Marianne Holtermann with Tony Cragg’s New Figuration, 1985 – Found Plastic, 259 x 208 cm

 

Holtermann Fine Art, 30 Cork Street, London W1S 3NG www.holtermannfineart.com  Instagram: @holtermannfineart

Holtermann Fine Art opened on Cork Street in late 2019, just ahead of the challenges of the Covid era. The owner, Marianne Holtermann, is a Norwegian as cheerful as she’d need to be, given that timing. Her wide-ranging background includes studying at Sotheby’s; dealing with prints at Christies; co-founding, while living in New York, what is now Luhring Augustine gallery; working as an art consultant – and marrying tribal art dealer Lance Entwistle. Her focus on Cork Street is narrower, though: contemporary sculpture. That’s unusual, I guess because it’s not the easiest category to sell, but makes for distinctive and stimulating exhibitions.  The programme so far has included famous international artists (e.g.
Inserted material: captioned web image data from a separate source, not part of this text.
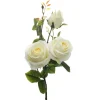 Decostar™ Artificial Rose Branch 31 x 7" White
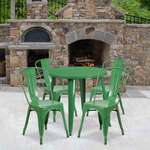 Flash Furniture , CH-51090TH-4-18CAFE-GN-GG, Indoor Outdoor Sets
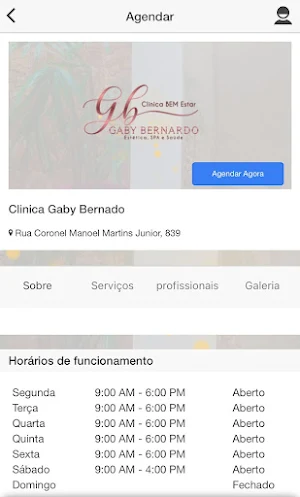 CLÍNICA GABY BERNARDO Screenshot 1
Georg Baselitz and Sterling Ruby), leading Britons (notably two presentations of Bill Woodrow and Richard Deacon’s collaborations: one of their sculptures, one of their drawings), major foreign artists who’ve had less exposure in London than elsewhere (Jorge Otero-Pailos, Peter Buggenhout – see my interview with him) and the less established Olivia Bax.  The presentation is always informative, with texts written by Dr Jon Wood, formerly of the equally sculpture-specialising Henry Moore Institute.   The current show highlights two wall reliefs by Tony Cragg – classics from the mid-eighties which seem more relevant than ever in highlighting found plastic fragments from what may archeologically prove to be ‘the age of plastic’. Back then the problematic and the fantastic in plastic seemed more in balance, and ‘New Figuration’, says Wood, ‘presents us with a dynamic and liberated figure, looping the loop within itself, and soaring upwards like an aeroplane to the sky.’

 

London’s gallery scene is varied, from small artist-run spaces to major institutions and everything in between. Each week, art writer and curator Paul Carey-Kent gives a personal view of a space worth visiting.